**Dataset excerpts**
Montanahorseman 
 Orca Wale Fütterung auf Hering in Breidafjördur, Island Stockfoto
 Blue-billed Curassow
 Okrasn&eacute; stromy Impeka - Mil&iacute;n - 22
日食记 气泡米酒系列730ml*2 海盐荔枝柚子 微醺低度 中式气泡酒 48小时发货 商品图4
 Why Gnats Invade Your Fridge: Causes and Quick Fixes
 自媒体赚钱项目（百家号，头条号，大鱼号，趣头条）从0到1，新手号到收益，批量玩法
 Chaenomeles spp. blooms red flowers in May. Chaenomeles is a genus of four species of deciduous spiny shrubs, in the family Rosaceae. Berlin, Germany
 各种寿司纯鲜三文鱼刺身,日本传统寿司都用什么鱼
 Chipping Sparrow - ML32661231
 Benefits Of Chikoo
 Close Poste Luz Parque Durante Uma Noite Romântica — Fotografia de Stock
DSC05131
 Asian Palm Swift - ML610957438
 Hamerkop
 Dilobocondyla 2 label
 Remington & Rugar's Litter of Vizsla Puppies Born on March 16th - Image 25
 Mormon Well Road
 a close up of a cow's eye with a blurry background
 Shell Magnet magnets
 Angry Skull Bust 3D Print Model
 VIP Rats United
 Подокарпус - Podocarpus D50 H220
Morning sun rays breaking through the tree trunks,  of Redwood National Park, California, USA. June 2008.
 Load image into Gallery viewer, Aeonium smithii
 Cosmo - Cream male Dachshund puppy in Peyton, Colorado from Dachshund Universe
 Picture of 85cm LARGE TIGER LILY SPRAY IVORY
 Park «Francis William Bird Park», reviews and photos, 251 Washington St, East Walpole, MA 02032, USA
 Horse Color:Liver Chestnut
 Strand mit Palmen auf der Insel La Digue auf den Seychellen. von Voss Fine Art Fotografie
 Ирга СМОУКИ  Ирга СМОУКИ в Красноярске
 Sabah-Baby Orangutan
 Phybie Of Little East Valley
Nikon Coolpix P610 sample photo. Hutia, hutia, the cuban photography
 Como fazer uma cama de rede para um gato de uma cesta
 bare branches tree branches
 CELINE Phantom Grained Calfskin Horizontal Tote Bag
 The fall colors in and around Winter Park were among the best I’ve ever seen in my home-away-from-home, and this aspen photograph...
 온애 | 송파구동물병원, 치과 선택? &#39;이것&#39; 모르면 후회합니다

**Aim of the task**
Out of the data above, set down the lines from the one with "Blue-billed Curassow" to the one with "Dilobocondyla 2 label", both included, exactly as written and with no additions.

**Written solution**
 Blue-billed Curassow
 Okrasn&eacute; stromy Impeka - Mil&iacute;n - 22
日食记 气泡米酒系列730ml*2 海盐荔枝柚子 微醺低度 中式气泡酒 48小时发货 商品图4
 Why Gnats Invade Your Fridge: Causes and Quick Fixes
 自媒体赚钱项目（百家号，头条号，大鱼号，趣头条）从0到1，新手号到收益，批量玩法
 Chaenomeles spp. blooms red flowers in May. Chaenomeles is a genus of four species of deciduous spiny shrubs, in the family Rosaceae. Berlin, Germany
 各种寿司纯鲜三文鱼刺身,日本传统寿司都用什么鱼
 Chipping Sparrow - ML32661231
 Benefits Of Chikoo
 Close Poste Luz Parque Durante Uma Noite Romântica — Fotografia de Stock
DSC05131
 Asian Palm Swift - ML610957438
 Hamerkop
 Dilobocondyla 2 label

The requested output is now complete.